Breakthrough in creation of gamma ray lasers that use antimatter
- A new study calculates how to create high-energy gamma rays.
- Physicist Allen Mills proposes using liquid helium to make bubbles of positronium, a mixture with antimatter.
- Gamma ray lasers can lead to new technologies in space propulsion, medical imaging and cancer treatment.
Scientists are closer to taming the most powerful light in the Universe. A physicist at the University of California has figured out how to make stable positronium atoms, which may lead to the creation of gamma ray lasers.
Gamma rays are the product of electromagnetic radiation that is caused by the radioactive decay of atomic nuclei. Harnessing these extremely bright (and usually very brief) lights, which have the highest photon energy, could lead to next-generation technologies. The highly penetrating gamma rays are shorter in wavelength than x-rays, and can be utilized for spacecraft propulsion, advanced medical imaging and treating cancers.
Creating a gamma ray laser requires manipulating positronium, a hydrogen-like atom that is a mixture of matter and antimatter — in particular, of electrons and their antiparticles known as positrons. The collision of a positron with an electron results in the production of gamma ray photons.

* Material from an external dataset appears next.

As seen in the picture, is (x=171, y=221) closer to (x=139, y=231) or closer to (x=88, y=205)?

To make gamma-ray laser beams, the positronium atoms need to be in the same quantum state, called a Bose-Einstein condensate. The new study from professor Allen Mills of the UC Riverside Department of Physics and Astronomy, shows that hollow spherical bubbles filled with a positronium atom gas can be kept stable in liquid helium.
“My calculations show that a bubble in liquid helium containing a million atoms of positronium would have a number density six times that of ordinary air and would exist as a matter-antimatter Bose-Einstein condensate,” said Mills.
Mills thinks helium would work as the stabilizing container because at extremely low temperatures, the gas would turn to liquid and actually repel positronium. This results from its negative affinity fo positronium and would cause bubbles to be created, which would be the source of the necessary Bose-Einstein condensates.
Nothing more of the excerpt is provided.